Wed Apr 30, 2008 1:30pm EDT
BERLIN (Reuters) - Germany opened the world's largest collection of documents on Nazi crimes and their victims to the public on Wednesday.
The International Tracing Service (ITS) in the western town of Bad Arolsen contains about 50 million records on some 17 million victims of Hitler's Nazi regime.
The paperwork, which includes imprisonment orders, death registers and Gestapo notes, reveals details about people who were murdered in the Holocaust, concentration camp survivors and millions of forced laborers and displaced people.
It contains the names of people on "Schindler's List" -- hundreds of Jews saved by businessman Oskar Schindler -- which was the subject of a Steven Spielberg film.
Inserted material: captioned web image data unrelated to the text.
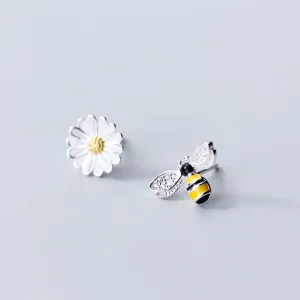 Asymmetry Bee and Daisy flower cute stud earrings - SS060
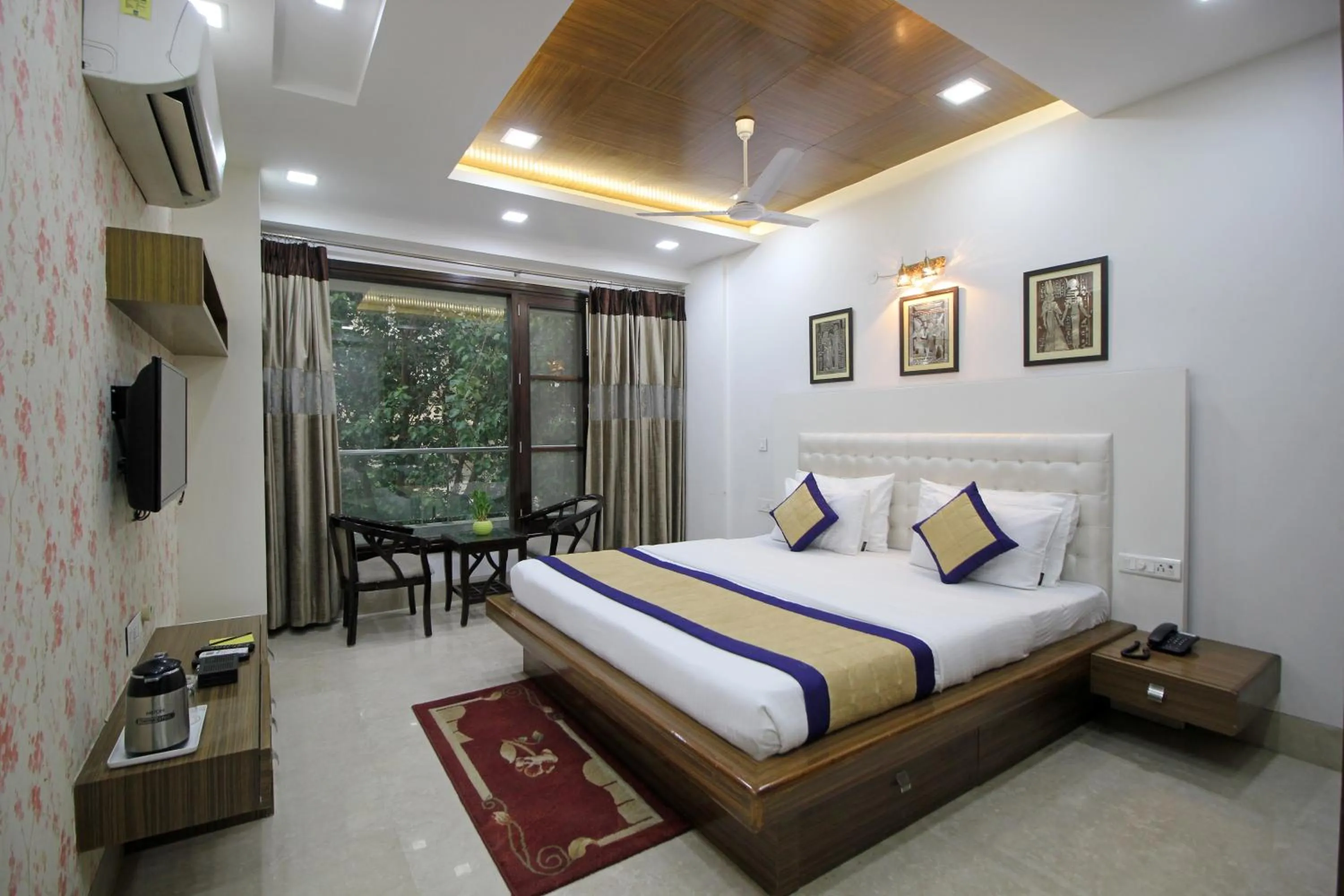 Bedroom, Bed in Gazebo Inn & Suites Medanta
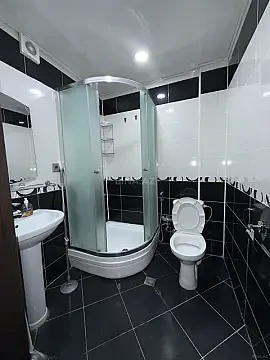 Satılır 3 otaqlı mənzil 115 m²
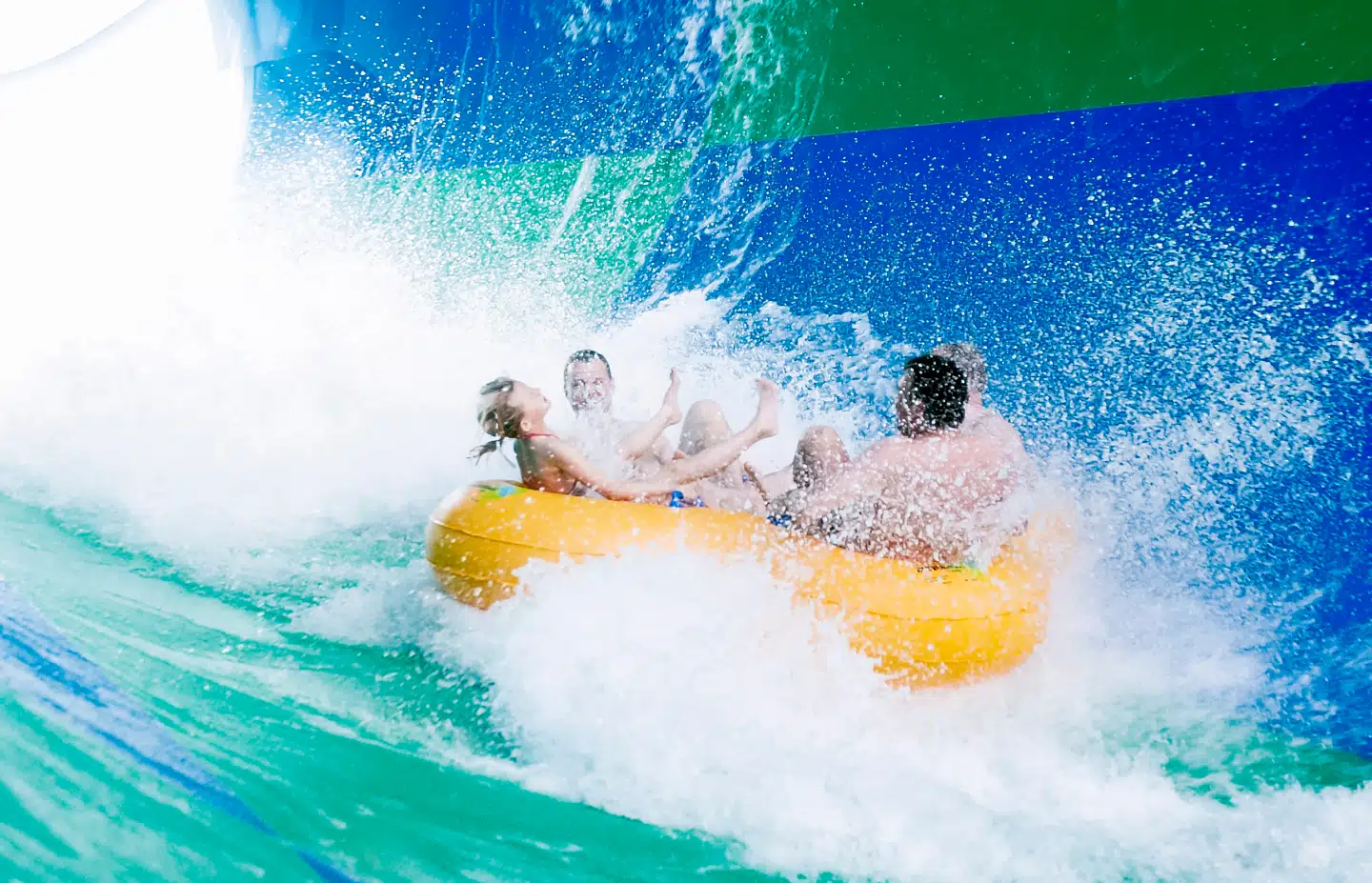 Det går vildt for sig, når de glade sommergæster i Lalandia boltrer sig i vandforlystelserne. Nogle gange lidt for vildt. (Arkivfoto).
Until Wednesday, the centre allowed only Nazi victims and their relations access.
ITS director Reto Meister said the opening marked the start of a new chapter for the archives more than 60 years after the end of World War Two.
"The opening will contribute to keep alive the memory of the monstrous crimes of the Nazi era," said Meister at the opening ceremony.
The centre is part of the International Committee of the Red Cross and 11 nations are represented on the ITS board -- Belgium, France, Germany, Greece, Israel, Italy, Luxembourg, the Netherlands, Poland, Britain and the United States.
Israel and the United States had long pushed for the archive to open its doors. Germany had been worried about data protection but has received guarantees that information on those still living will remain restricted.
Germany gives the ITS, which is in the process of digitalizing its archives, about 14 million euros ($22 million) a year.